TASK STATEMENT
From the first line to the last, set down the material exactly, leaving out its pictures.

EXERCISE MATERIAL
++++

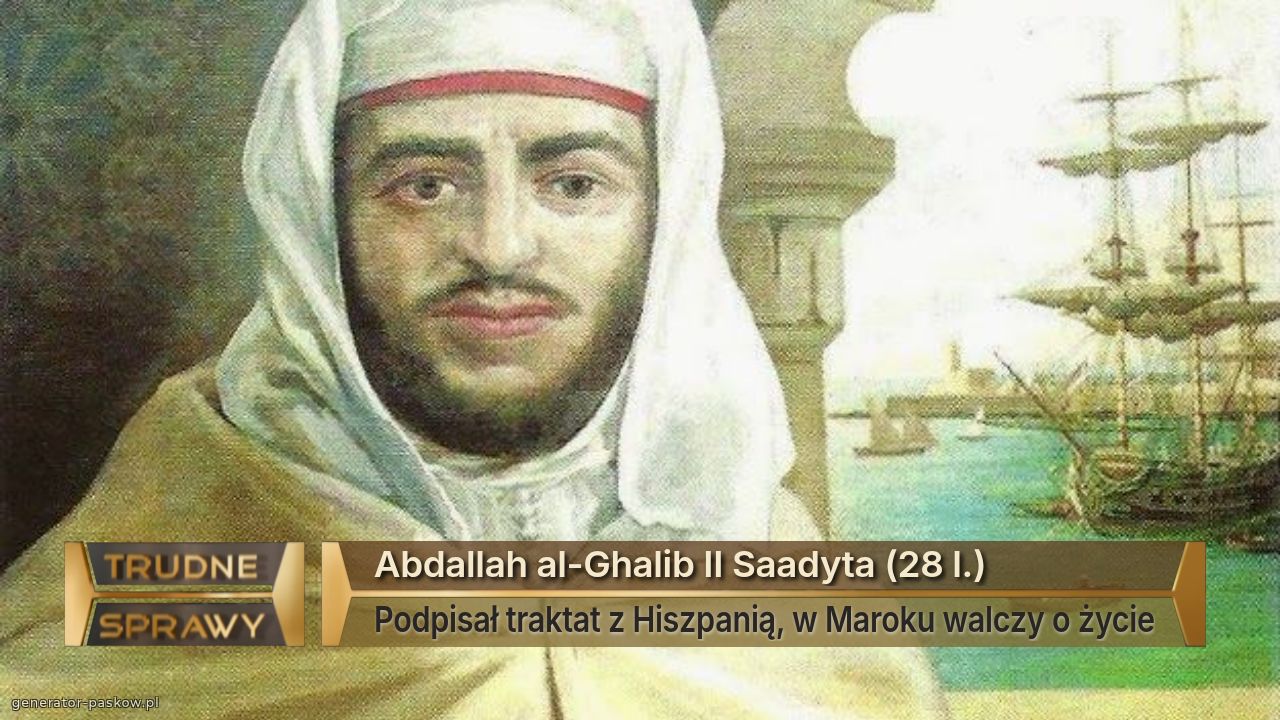 Abdallah al-Ghalib II Saadyta (28 l.)
Podpisał traktat z Hiszpanią, w Maroku walczy o życie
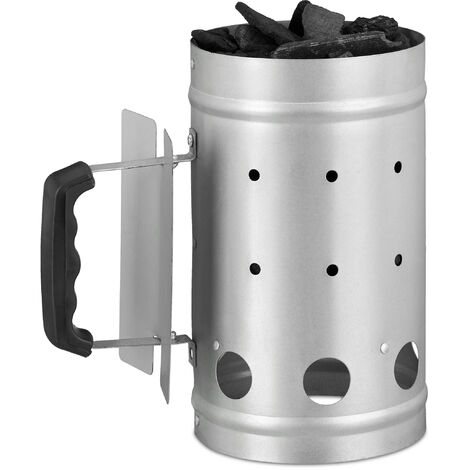 Relaxdays Charcoal Chimney Starter, Steel, BBQ Lighter, Stove, Grill, H ...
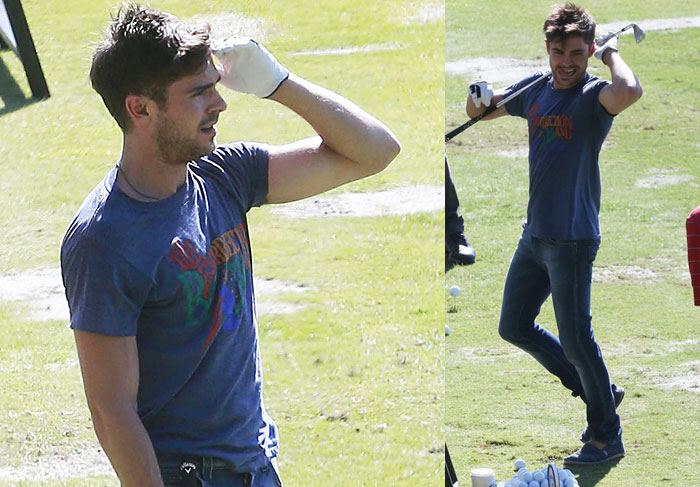 Zac Efron comemora aniversário jogando golfe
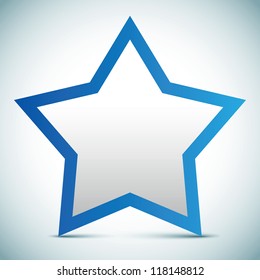 Vector star banner - empty text frame illustration
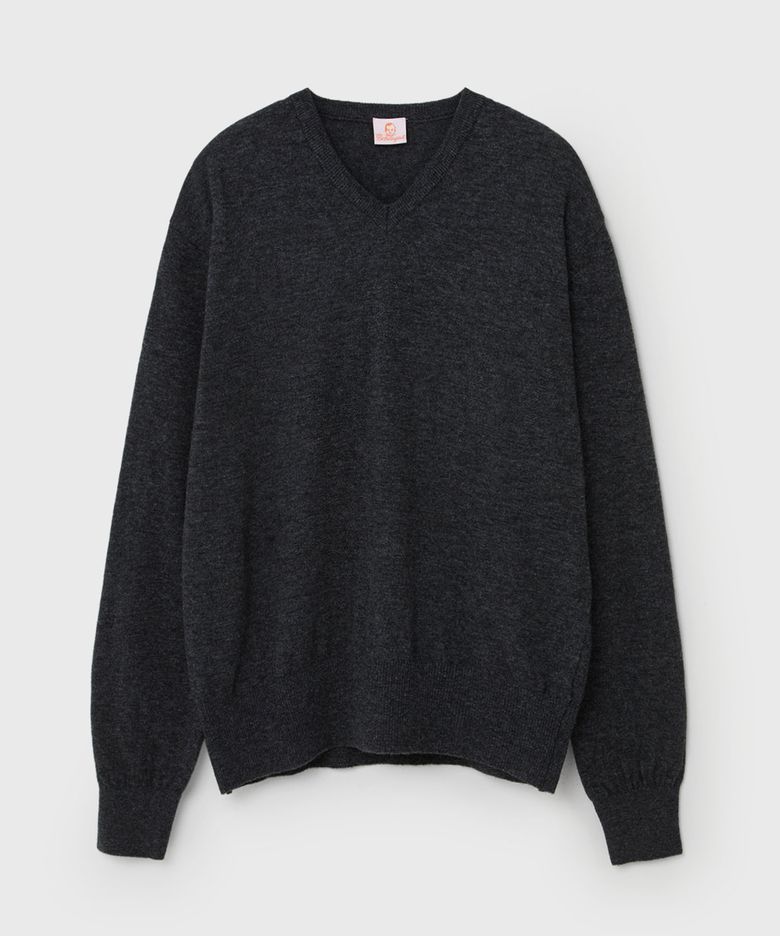 SOFT CASHMERE V-NECK KNIT (CHARCOAL)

++++

SOLUTION TO THIS EXERCISE
 Abdallah al-Ghalib II Saadyta (28 l.)
Podpisał traktat z Hiszpanią, w Maroku walczy o życie
 Relaxdays Charcoal Chimney Starter, Steel, BBQ Lighter, Stove, Grill, H ...
 Zac Efron comemora aniversário jogando golfe
 Vector star banner - empty text frame illustration
 SOFT CASHMERE V-NECK KNIT (CHARCOAL)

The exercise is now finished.